Red Cloud and I were not friends at all until our school started a “One Helps One” program, in which one kid would pair up with another kid to help with homework and test prep. Since there were more village kids in need of academic improvement, I was assigned to help two girls. Red Cloud was one of them, and we really clicked. Red Cloud hated academic study and never touched a book if she could help it. I loved her attitude, although I took my study very seriously–it was my ticket to freedom one day. I knew it. I dreamed of getting away from my parents and I hoped my study would bring that freedom to me. And what I loved her most was her utter admiration of me. Nobody in my family cared about me, but my teachers liked me and Red Cloud admired me even more than my teachers. When I helped her finish her homework, she was so effusive with happiness that I was very touched. At home, I had never experienced the natural flow of emotions. My psychologically mad and emotionally twisted parents only understood narcissistic manipulations. They never let themselves go unless they were angry. Everything else felt like a pre-arranged performance, including their laughs.

I kept my friendship with Red Cloud as much a secret as possible. My mom knew all the teachers. If people know of my friendship with a village girl beyond the two hour each week “One Helps One” program, my mom would swoop from her narcissistic high branch she usually perched upon and break us apart.

Each day after school, I would secretly sneak out of the south gate and go to see Red Cloud. Or during the weekend, I would often sneak out.

And as I saw Red Cloud, I immediately cried and told her that my cousin was trying to kill me. Red Cloud and her father listened and thought it was a joke. Anyway, I soon calmed down. Red Cloud and her father were getting ready to go to her mother’s village to help with the harvest. Her mother had already went back two days prior, and now the father and daughter would join her. It was a village about 20 miles away. Since in the Steppe, there was almost no rain for autumn at all, people didn’t have to be wary of the weather. Villages would rent the harvest machinery in turn. This week, it happened that the village of Red Cloud’s mother got the machinery and everybody would go to help the harvesting.

Actually back then, many of the village kids would be absent from school during the harvest time since they had to help with the harvest. This was why my whereabout was not reported back by any of the village kids. Their minds were mostly on the harvest and the village party immediately after the harvest.

So I volunteered to go with Red Cloud and her father. “We need as many people as possible.” They replied. So off we went. I guess if it was the non-harvest time, Red Cloud’s father or mother would have asked me if I told my parents, but during the harvest time, things became very hectic and people’s mind were all occupied with crops.

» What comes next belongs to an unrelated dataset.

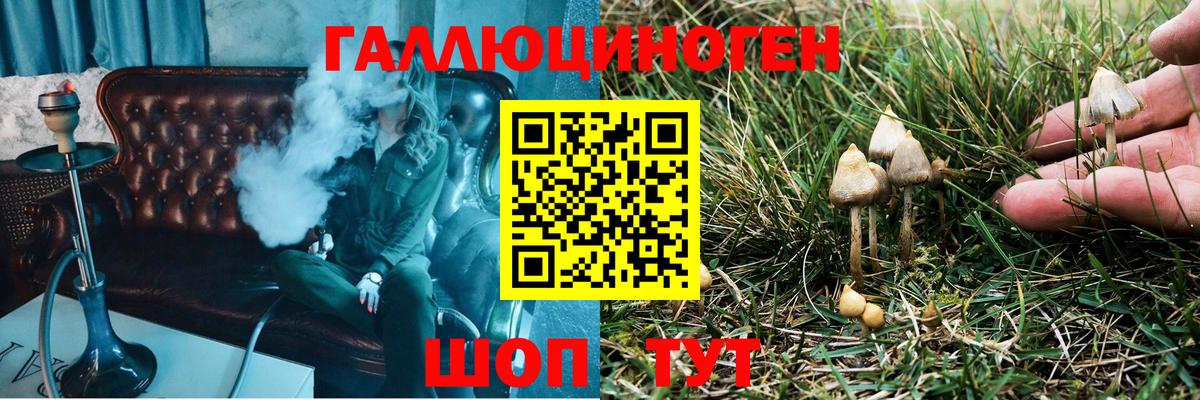 Партизанск  Галлюциногенные грибы Magic Shrooms  Вход с VPN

So I stayed with Red Cloud, her parents, her grandparents for a week. During the harvest time, the whole village looked different. People didn’t even go home to sleep if their home was on the other side of the village. There was a make-shift village kitchen where food were available and several grandma were in charge of the cooking for the whole village. Everybody else was busy with the harvest. Even small children were assigned the task of picking up strayed crops left by the harvest machine.

And my mother was right that they did sing dirty songs and tell earthy jokes, even if when they were very tired. I often saw men sleeping in the field. They couldn’t sleep for long since they would get cold, which woke them up and they would get up to walk back to the village kitchen for food. I felt such warmth from the villagers. They were not related with me, but I just felt that they were the normal people that I could be friend with. While my parents were the people I should be closely associate with, but I just couldn’t since they were as cold as the Steppe wind at the end of the autumn.

And when I finally came back a week later, after attending the harvest party and eating the most delicious noodles I had ever had, I was shocked to find that everybody had been looking for me.